OneNature was founded on the principle that individual and societal well-being are tied to the health and well-being of animals and the environment. Last week the United Nations released a new report, Making Peace with Nature, which highlights that principle. This report, based on evidence from global environmental assessments, starkly outlines our current planetary emergency, how human well-being is dependent on earth’s natural systems, and how current economic and financial systems fail to include our interdependence with nature.

In order to create a sustainable future, our global society must transform our relationship with nature. The report states that “transformation towards sustainability involves significant and mutually reinforcing changes in behaviour, culture, material flows and systems of management and knowledge transmission.” Additionally the interconnected nature of climate change, loss of biodiversity, land degradation, and air and water pollution require that these problems be addressed together. The report calls for a OneHealth approach that integrates action across sectors and disciplines to protect the health of people, animals and the environment.

OneNature fully agrees that societal and individual well-being depends on a thriving planet with flourishing wildlife. The report makes significant strides in establishing the steps all sectors of society must take to combat climate change, biodiversity loss, and pollution.

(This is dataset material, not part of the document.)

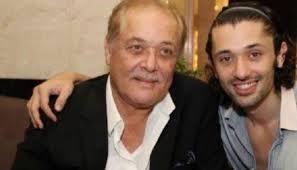 روى كريم، خلال اللقاء موقفا غريبا حدث له بعد وفاة والده الفنان محمود عبد العزيز بنحو عام تقريبا، مشيرا إلى أن هذه الواقعة أثارت تساؤلات كثيرة بداخله، ولا يجد لها تفسيرا حتى الآن، ولا يدرى هل هى حقيقية أم لا. Ø´Ù‚ÙŠÙ‚ Ø§Ù„ÙÙ†Ø§Ù† Ù…Ø­Ù…ÙˆØ¯ Ø¹Ø¨Ø¯Ø§Ù„Ø¹Ø²ÙŠØ² ÙŠÙ„Ø­Ù‚ Ø¨Ù‡ ÙˆÙƒØ±ÙŠÙ… ÙŠØ¹Ù„Ù† Ø®Ø¨Ø± Ø§Ù„ÙˆÙØ§Ø©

As society begins to understand and value well-being as a goal of policy rather than singularly focusing on increasing GDP at all costs, we must move away from the idea that nature and wildlife must economically “pay for themselves” as the means of valuation. Nature and wildlife are at the center of many people’s most important values: physical and mental health, educational success, culture, clean air, potable water, and climate resilience. At OneNature, we recognize that the existing research around the value of nature is still incomplete. OneNature fills a vital gap by researching the intrinsic value of wildlife, linking wildlife to human well-being, and ensuring that we don’t leave other species — species facing an extinction crisis — out of the well-being movement.